I have 2 data sets with location data as below.

DS1

Ofc name, Easting, Northing

DS2

Emp name,Easting, Northing

 

The code I have written is as follows.

proc optmodel;
set two = 1..2;
set<string> ofc;
set<string> pm;
num ofc_loc{ofc,two};
num pm_loc{pm,two};
var ofc_use{ofc} binery; /* office used */
var dec_var{pm,ofc} binery; /* decision variable */
read data DS1 into ofc=[office_name] ofc_loc[office_name,1]=easting ofc_loc[office_name,2]=northing;
read data DS2 into pm=[pm_nm] pm_loc[pm_nm,1]=eastings pm_loc[pm_nm,2]=northings;
constraint con1{p in pm}: sum{o in ofc} dec_var[p,o]=1; /* 1 office per pm */
constraint con2: sum{p in pm,o in ofc} ofc_use[o]*dec_var[p,o]=20; /* 20 ofc to use */
/*constraint con4{p in pm,o in ofc}: 0<=dec_var[p,o]<=1;*/ /* want the decision variables to be binary */
/*constraint con5{o in ofc}: 0<=ofc_use[o]<=1;*/ /* need con4 and con5 if variables are declared as integer */
min dismin = sum{p in pm,o in ofc} dec_var[p,o]*(((pm_loc[p,1]-ofc_loc[o,1])**2+(pm_loc[p,2]-ofc_loc[o,2])**2)**(0.5)); /* minimise distance */
solve;
quit;

 

The con2 above is becoming non linear. Due to that, the variables need to be number and not integer and also con4 and con5 are required. Ultimately the solver is unable to solve the problem and cannot find a solution. Is it possible to convert this into a linear programming problem?

 

Any help will be greatly appreciated.

 

Thanks

Arindam

1 ACCEPTED SOLUTION

Accepted Solutions
RobPratt
SAS Super FREQ

Note that the option name in the VAR statement should be BINARY, not BINERY.

 

To linearize con2, replace with this linear constraint:

   constraint con2: sum{p in pm,o in ofc} ofc_use[o]=20; /* 20 ofc to use */

 

And then link the two sets of binary variables as follows:

   /* if dec_var[p,o] = 1 then ofc_use[o] = 1 */
   con con2a {p in pm, o in ofc}: dec_var[p,o] <= ofc_use[o];
   /* if ofc_use[o] = 1 then dec_var[p,o] = 1 for some p */
   con con2b {o in ofc}: ofc_use[o] <= sum {p in pm} dec_var[p,o];

With these changes, the SOLVE statement will invoke the MILP solver by default.

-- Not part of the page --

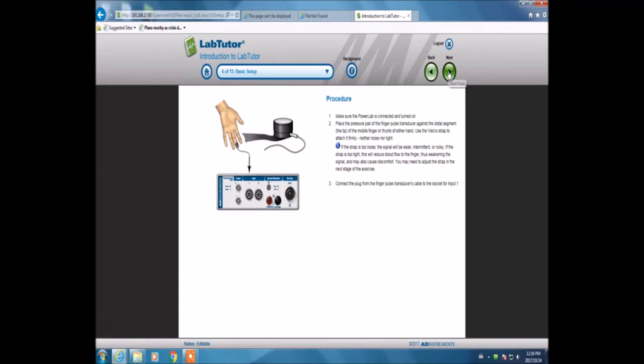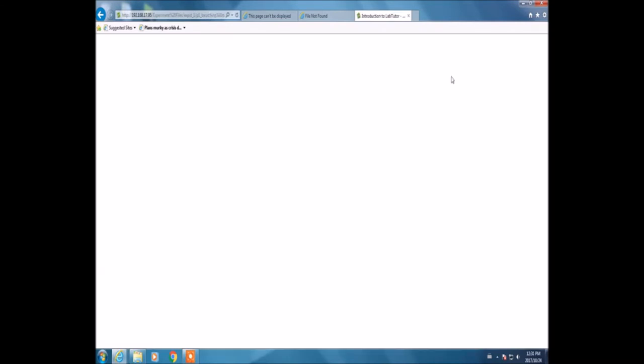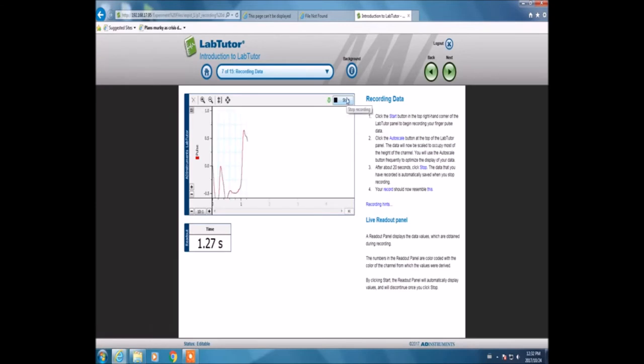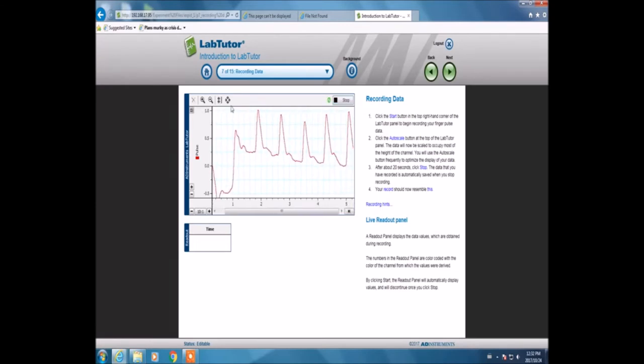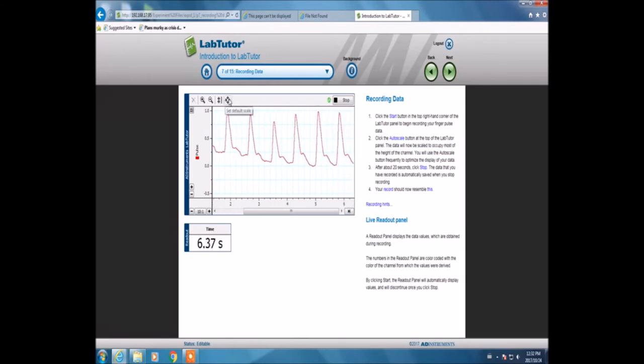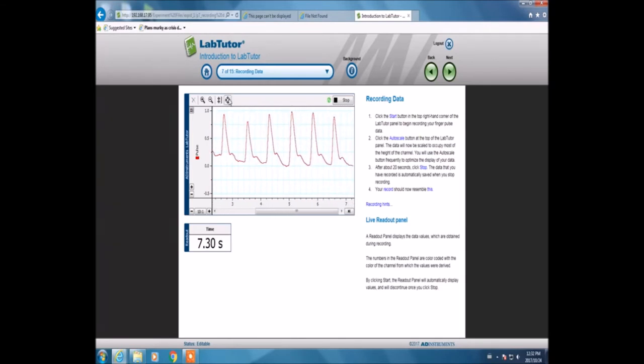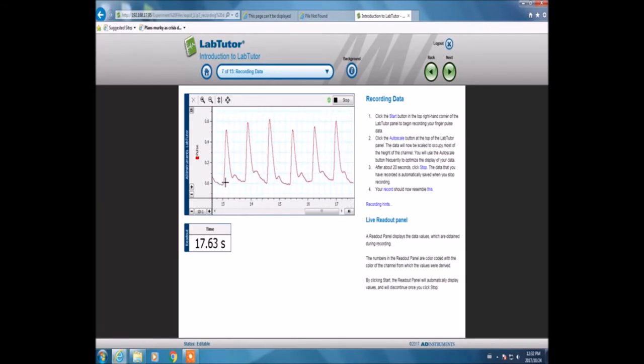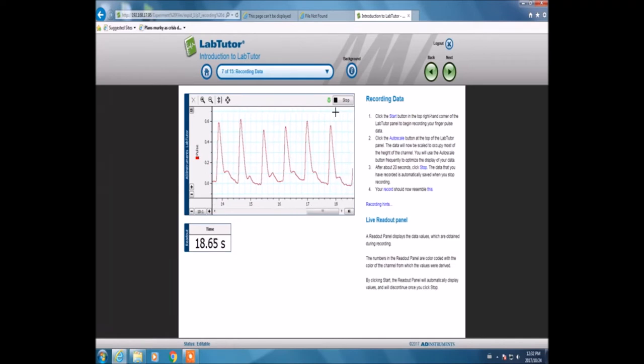This is the procedure, which shows me how the experiment is performed and which components to use. This is where the data is recorded. We'll press start over here and record for 20 seconds. After 20 seconds, we'll press stop again at the top right corner.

View solution in original post

2 REPLIES 2
RobPratt
SAS Super FREQ

Note that the option name in the VAR statement should be BINARY, not BINERY.

 

To linearize con2, replace with this linear constraint:

   constraint con2: sum{p in pm,o in ofc} ofc_use[o]=20; /* 20 ofc to use */

 

And then link the two sets of binary variables as follows:

   /* if dec_var[p,o] = 1 then ofc_use[o] = 1 */
   con con2a {p in pm, o in ofc}: dec_var[p,o] <= ofc_use[o];
   /* if ofc_use[o] = 1 then dec_var[p,o] = 1 for some p */
   con con2b {o in ofc}: ofc_use[o] <= sum {p in pm} dec_var[p,o];

With these changes, the SOLVE statement will invoke the MILP solver by default.

arindam1984
Obsidian | Level 7

Thanks Rob. That was quick and accurate. Excellent. Thanks!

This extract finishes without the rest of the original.